[Cialug] Just Tell Me The IP!
Dave Weis
djweis at sjdjweis.com
Thu May 21 17:25:40 UTC 2020
You will need to track down ip and execute that. Save the output. Use
netstat-rn to find the routing table and correlate the two.
On Thu, May 21, 2020, 12:19 PM Scott Yates <Scott at yatesframe.com> wrote:
> Darnit, that won't work either, sorry. Interesting problem though.
>
> On Thu, May 21, 2020 at 12:13 PM Scott Yates <Scott at yatesframe.com> wrote:
>
> > You might try the output of "route". I think it is more universal, and
> > might be easier to parse out.
> >
> > On Thu, May 21, 2020 at 12:11 PM Todd Walton <tdwalton at gmail.com> wrote:
> >
> >> I'm running a mix of CentOS, Amazon Linux, and Ubuntu. The CentOS
> servers
> >> span three generations, the Amazon Linux, like, four. And you know
> what's
> >> surprisingly complicated to do across a variety of distributions and
> >> versions? Tell me the IP of the server I'm on. Well, if I'm "on" the
> >> server, it's just a couple of quick commands and an eyeball. But I need
> a
> >> way to do it by script.
> >>
> >> Problems include:
> >>
> >> * The "ip" command shows up in three different locations, depending on
> >> distribution.
> >> * The "ifconfig" command shows up in 2 different locations.
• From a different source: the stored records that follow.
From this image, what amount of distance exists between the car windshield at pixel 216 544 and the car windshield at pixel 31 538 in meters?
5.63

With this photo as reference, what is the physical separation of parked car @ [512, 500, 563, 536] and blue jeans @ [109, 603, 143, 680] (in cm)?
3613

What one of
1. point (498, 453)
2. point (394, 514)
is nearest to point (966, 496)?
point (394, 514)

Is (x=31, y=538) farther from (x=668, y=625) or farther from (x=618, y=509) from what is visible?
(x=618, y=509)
> >> * You can run those just fine sans sudo, but sbin is typically not in a
> >> user's PATH.
> >> * Network device names vary across distributions.
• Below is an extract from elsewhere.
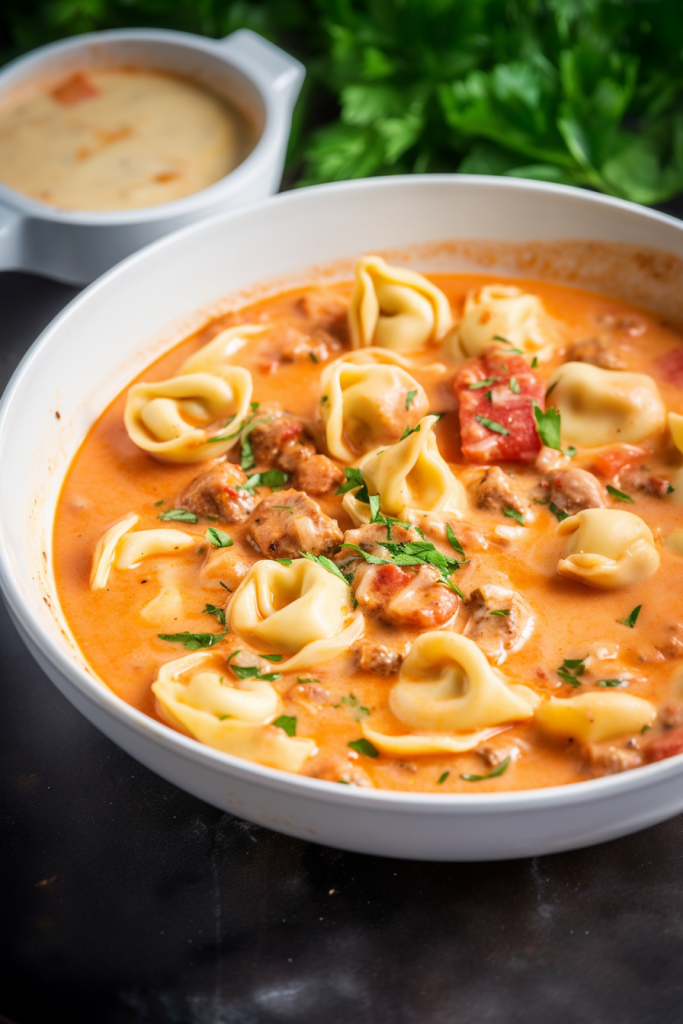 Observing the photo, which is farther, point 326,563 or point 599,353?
point 599,353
> >> * Some servers have multiple IPs. I need one, it needs to be from a
> >> "physical" device, and it needs to be the same one every time.
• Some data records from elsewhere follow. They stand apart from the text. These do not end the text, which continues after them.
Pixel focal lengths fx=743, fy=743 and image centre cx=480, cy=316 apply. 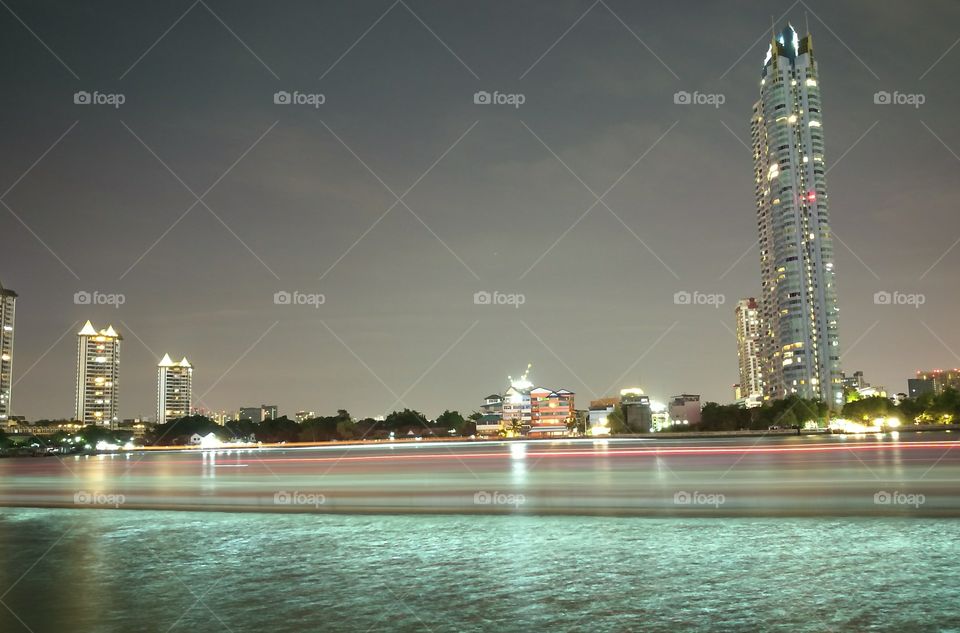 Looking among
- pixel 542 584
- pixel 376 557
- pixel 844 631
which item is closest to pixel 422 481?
pixel 376 557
> >> * ip's output varies across versions
> >> * ip has json output, but only for a couple years now, so it's not in
> any
> >> of my distros </grouse>
> >>
> >> Is there just no reliable way to get a server's "primary" IP that works
> >> across distros and distro versions? I wish there was something like
> >> "hostname" that just spat back /the IP address/.
> >>
> >> This is what I'm doing right now:
> >>
> >> HOSTIP=$(find /sys/devices -type d -name 'net' -not -path '*/virtual/*'
> >> -print | xargs -I% find % -mindepth 1 -maxdepth 1 -exec basename {} + |
> >> grep -P '^e' | xargs -n1 ifconfig | grep 'inet ' | tr -s ' ' | sed -e
> >> 's/^[[:space:]]\+//g' -e 's/addr://g' | cut -d\ -f2 | sort | head -n1)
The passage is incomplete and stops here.